[Items from a data source]
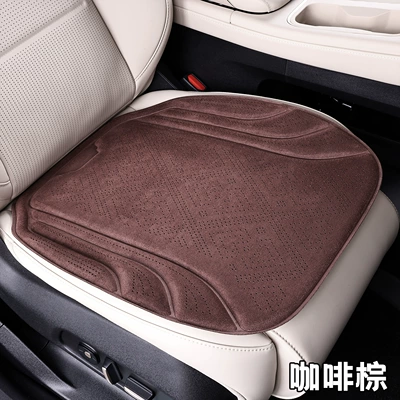 Suede perforated Rams car: Seat cushion, seat cover - perforated-breathable-suede-1-piece-in-coffee-color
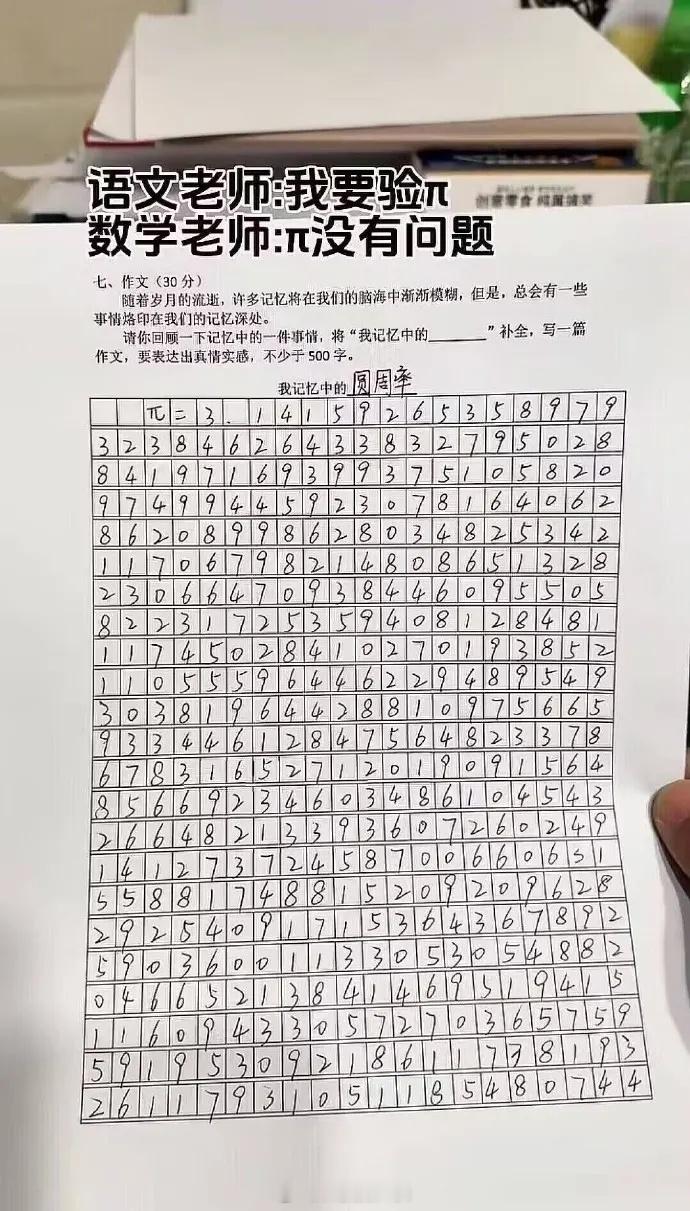 全是数值，没有感情，严重偏题，零分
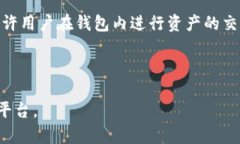 TPWallet（TP Wallet）并不是传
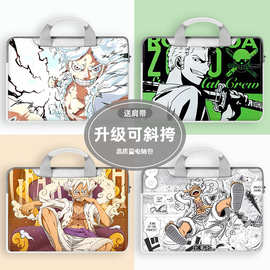 海贼王笔记本手提电脑包可单肩斜挎行李箱123456英寸各种型号通用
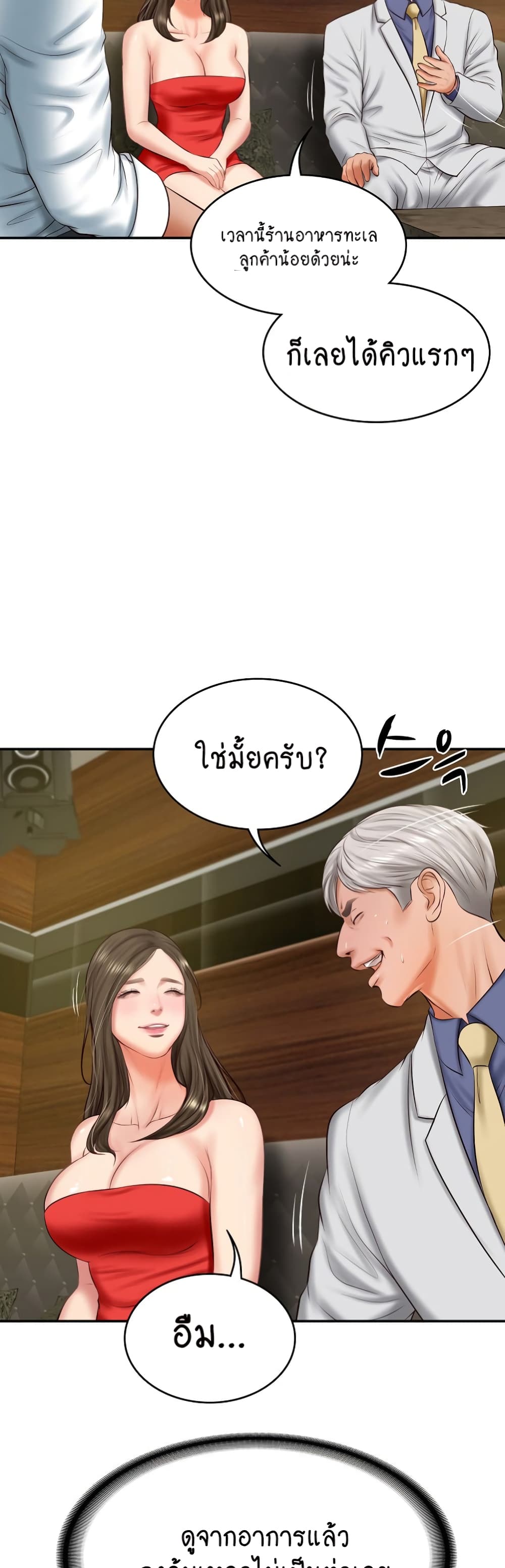The Billionaire's Monster Cock Son-In-Law page 48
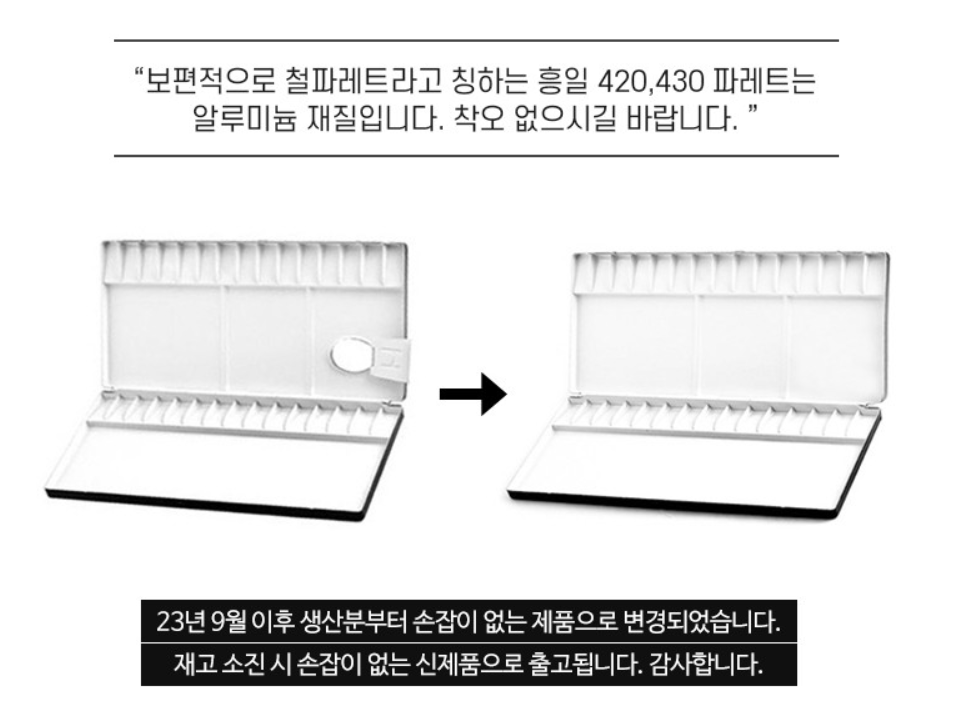HEUNG IL Aluminum Watercolor Palette 30 Well AL 430 No.430 Metal 303 x 137 mm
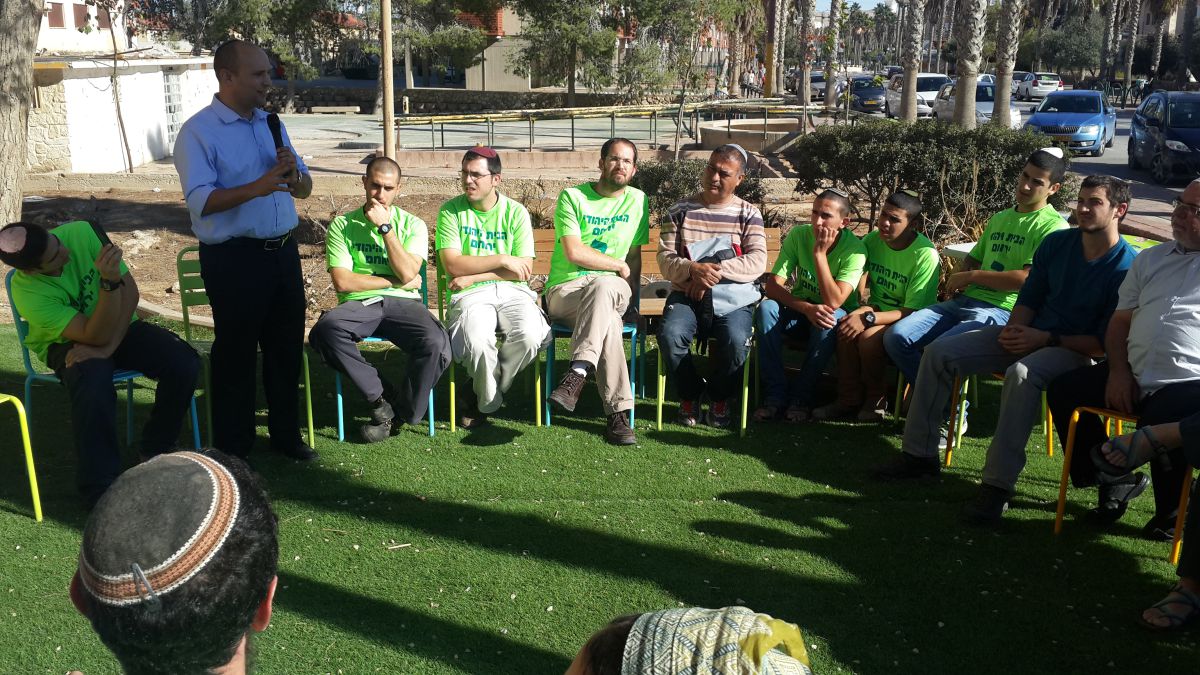 הבית היהודי נערך לבחירות בירוחם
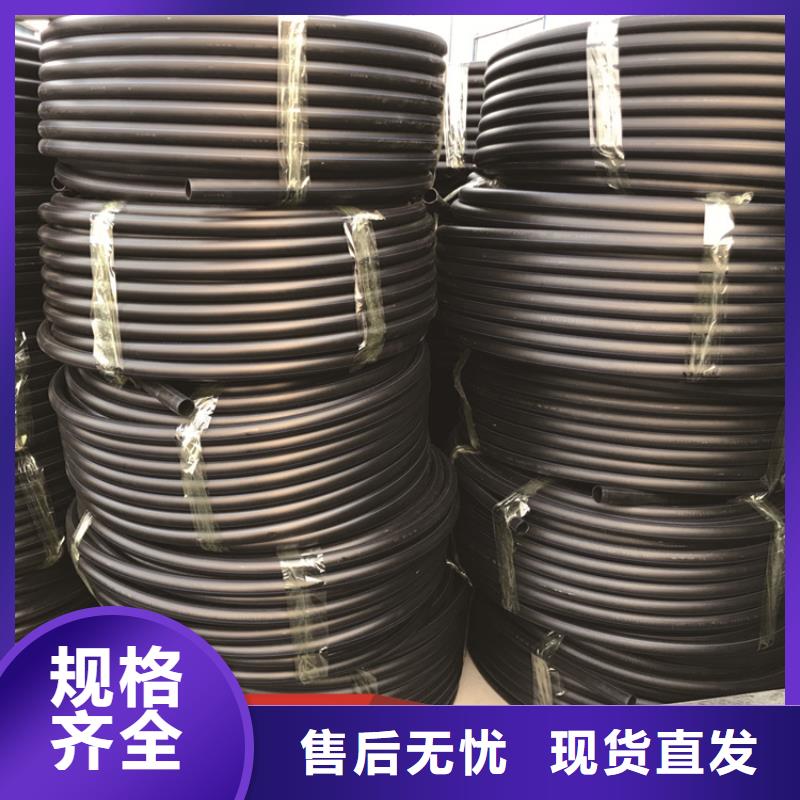 Pe水管质量优厂家采购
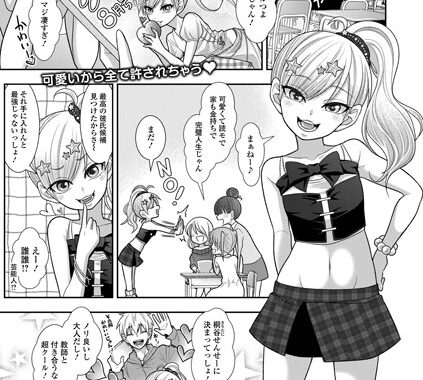 b164aisis04135【無料エロ漫画】最強望愛のクールな彼氏大作戦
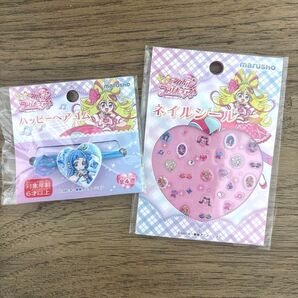 キミとアイドルプリキュア♪ ヘアゴム ネイルシール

TASK — Only the text of the records belongs in the answer; reproduce it verbatim, with no pictures.

SOLUTION —
 Suede perforated Rams car: Seat cushion, seat cover - perforated-breathable-suede-1-piece-in-coffee-color
 全是数值，没有感情，严重偏题，零分
 TPWallet（TP Wallet）并不是传
 海贼王笔记本手提电脑包可单肩斜挎行李箱123456英寸各种型号通用
The Billionaire's Monster Cock Son-In-Law page 48
HEUNG IL Aluminum Watercolor Palette 30 Well AL 430 No.430 Metal 303 x 137 mm
 הבית היהודי נערך לבחירות בירוחם
 Pe水管质量优厂家采购
 b164aisis04135【無料エロ漫画】最強望愛のクールな彼氏大作戦
 キミとアイドルプリキュア♪ ヘアゴム ネイルシール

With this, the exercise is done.